(Image-caption web data)
:::
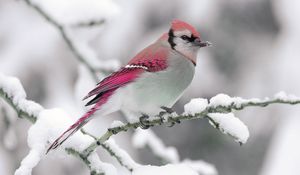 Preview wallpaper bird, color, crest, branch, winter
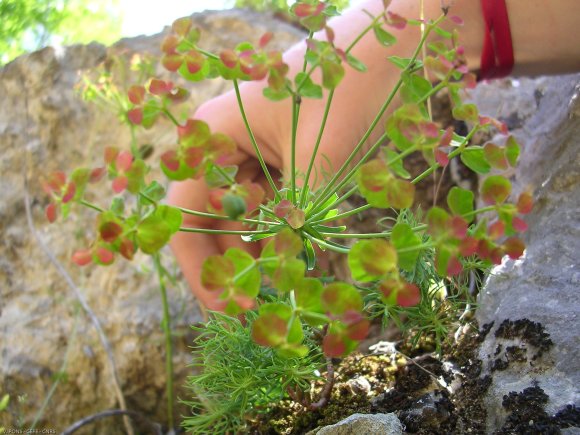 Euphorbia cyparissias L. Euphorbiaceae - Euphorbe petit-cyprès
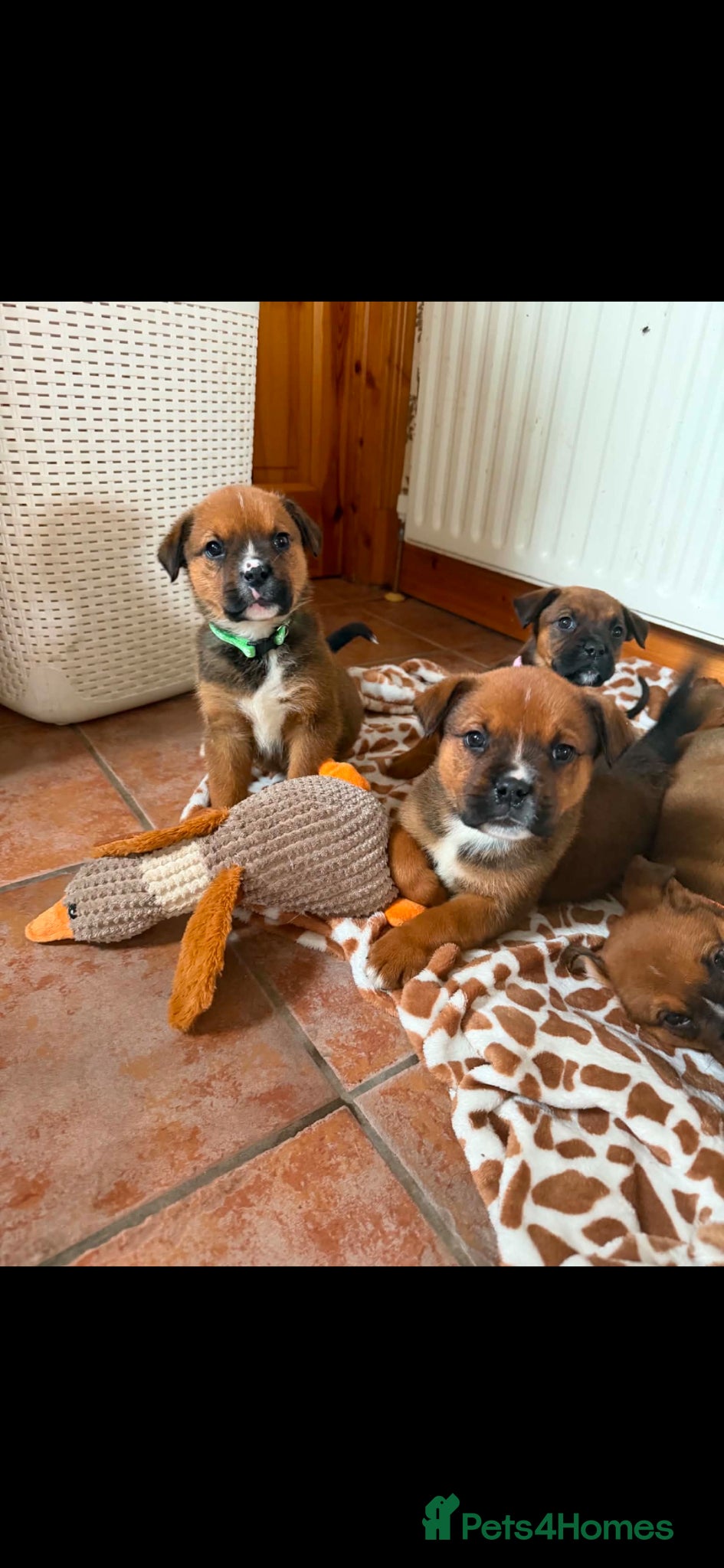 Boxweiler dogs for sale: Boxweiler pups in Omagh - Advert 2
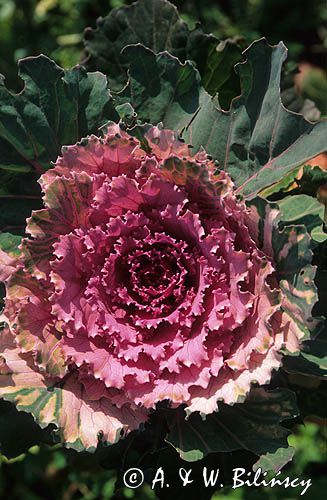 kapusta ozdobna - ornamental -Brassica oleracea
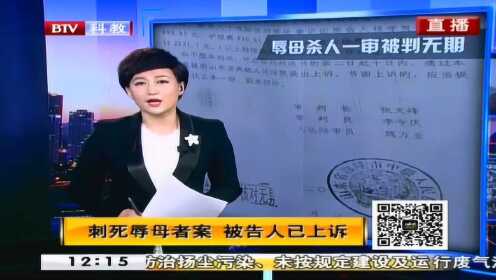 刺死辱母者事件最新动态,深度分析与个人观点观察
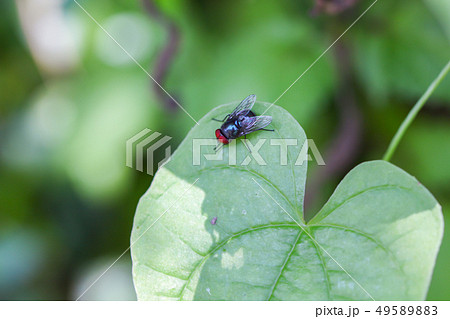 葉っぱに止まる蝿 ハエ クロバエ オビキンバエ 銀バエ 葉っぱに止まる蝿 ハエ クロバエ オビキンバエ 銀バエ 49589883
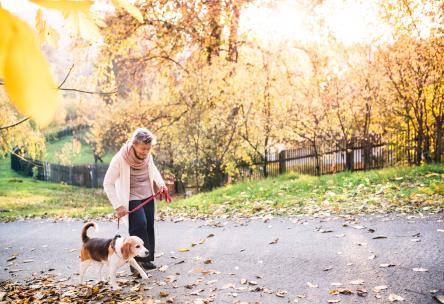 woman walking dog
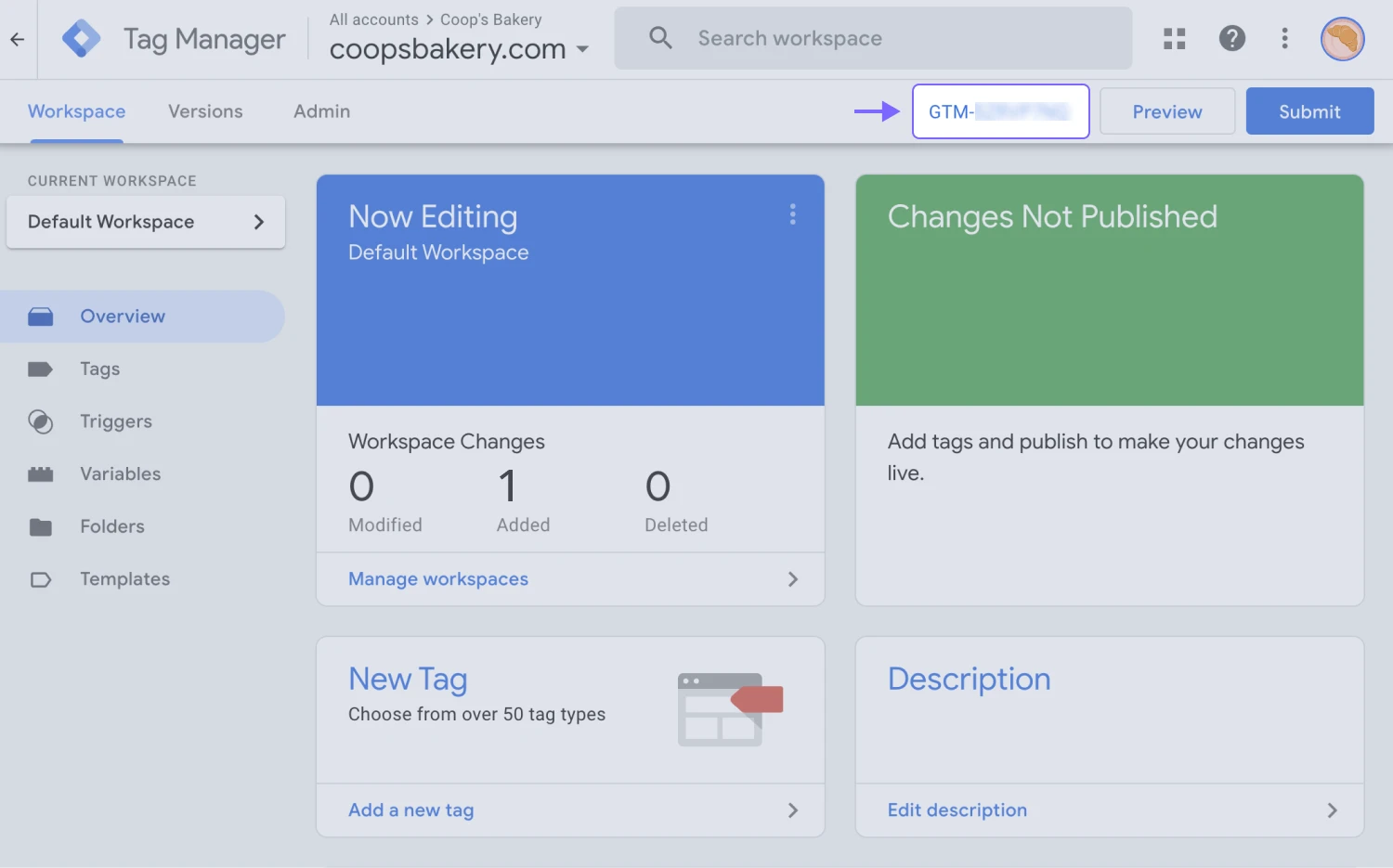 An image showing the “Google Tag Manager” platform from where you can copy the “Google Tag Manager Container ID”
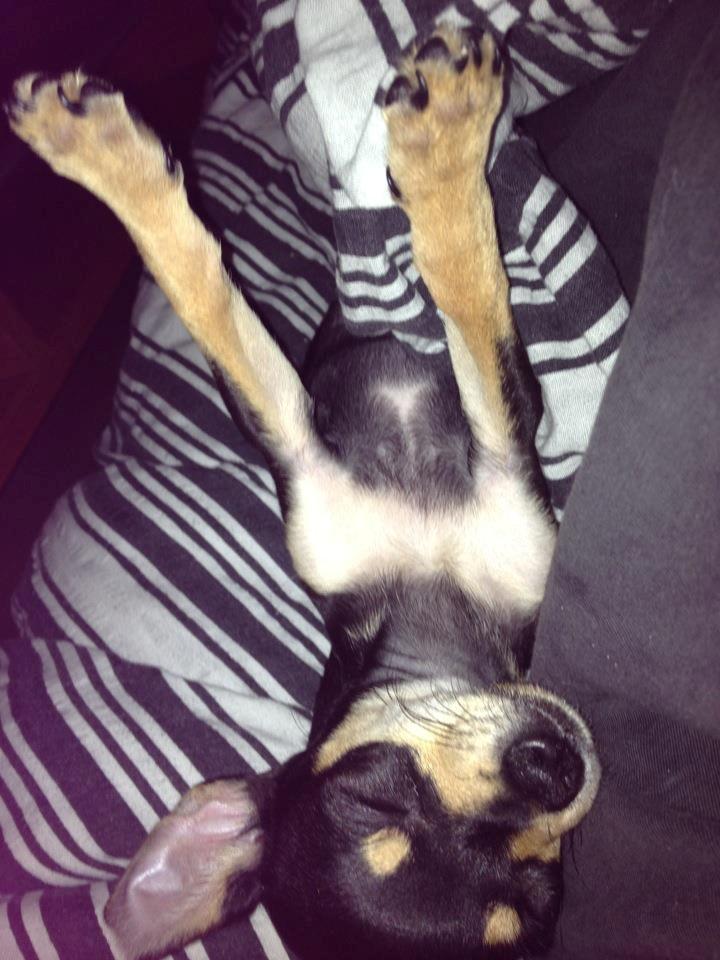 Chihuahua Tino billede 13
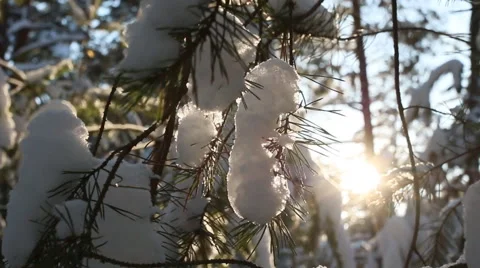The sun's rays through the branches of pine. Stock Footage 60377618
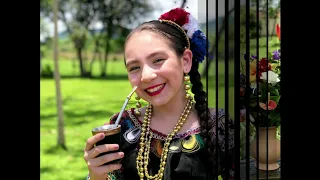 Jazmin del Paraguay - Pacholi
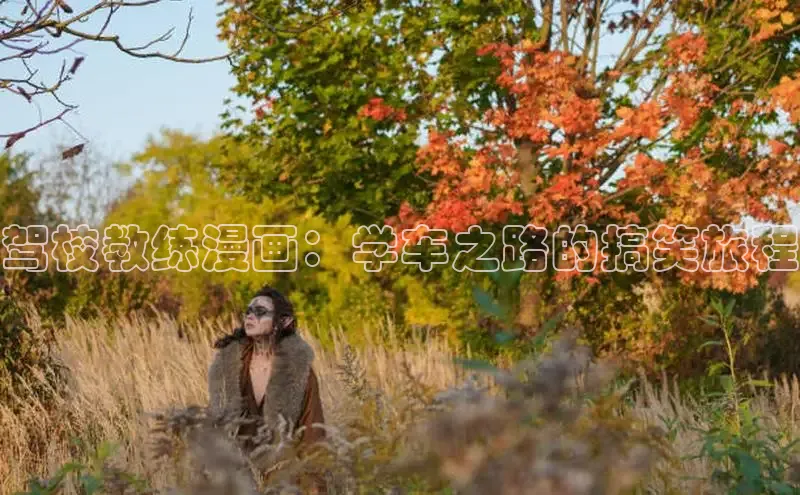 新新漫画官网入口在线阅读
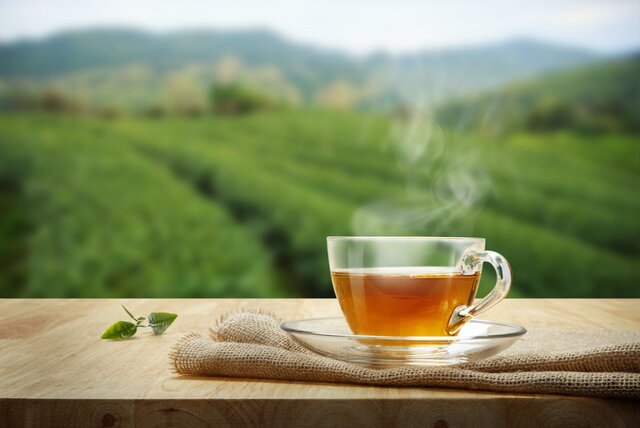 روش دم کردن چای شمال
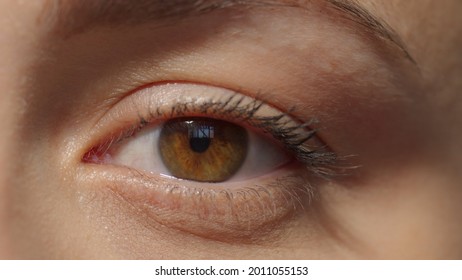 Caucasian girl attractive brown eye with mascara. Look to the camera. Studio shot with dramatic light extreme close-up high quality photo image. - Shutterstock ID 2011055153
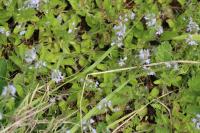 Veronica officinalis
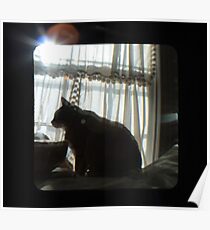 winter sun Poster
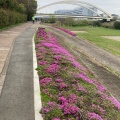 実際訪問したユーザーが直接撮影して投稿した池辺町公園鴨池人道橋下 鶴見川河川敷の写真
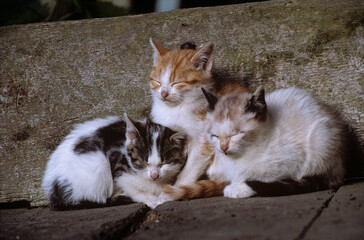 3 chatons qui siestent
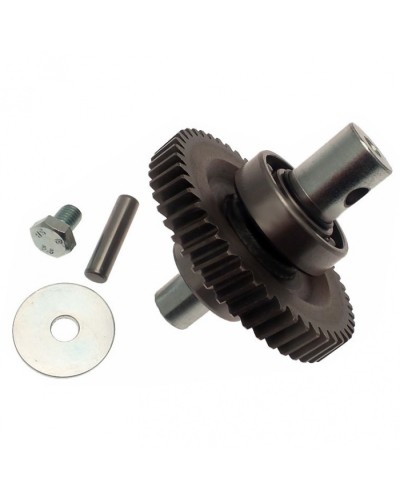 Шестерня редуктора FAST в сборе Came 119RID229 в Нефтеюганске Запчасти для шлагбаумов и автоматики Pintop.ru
:::
**REQUIRED ACTION:** Could you transcribe exactly the lines from the line containing "Chihuahua Tino billede 13" through the final line of the records, both included, and nothing beyond them? The pictures should be left out.

**EXERCISE SOLUTION:**
 Chihuahua Tino billede 13
The sun's rays through the branches of pine. Stock Footage 60377618
 Jazmin del Paraguay - Pacholi
 新新漫画官网入口在线阅读
 روش دم کردن چای شمال
 Caucasian girl attractive brown eye with mascara. Look to the camera. Studio shot with dramatic light extreme close-up high quality photo image. - Shutterstock ID 2011055153
 Veronica officinalis
 winter sun Poster
 実際訪問したユーザーが直接撮影して投稿した池辺町公園鴨池人道橋下 鶴見川河川敷の写真
 3 chatons qui siestent
 Шестерня редуктора FAST в сборе Came 119RID229 в Нефтеюганске Запчасти для шлагбаумов и автоматики Pintop.ru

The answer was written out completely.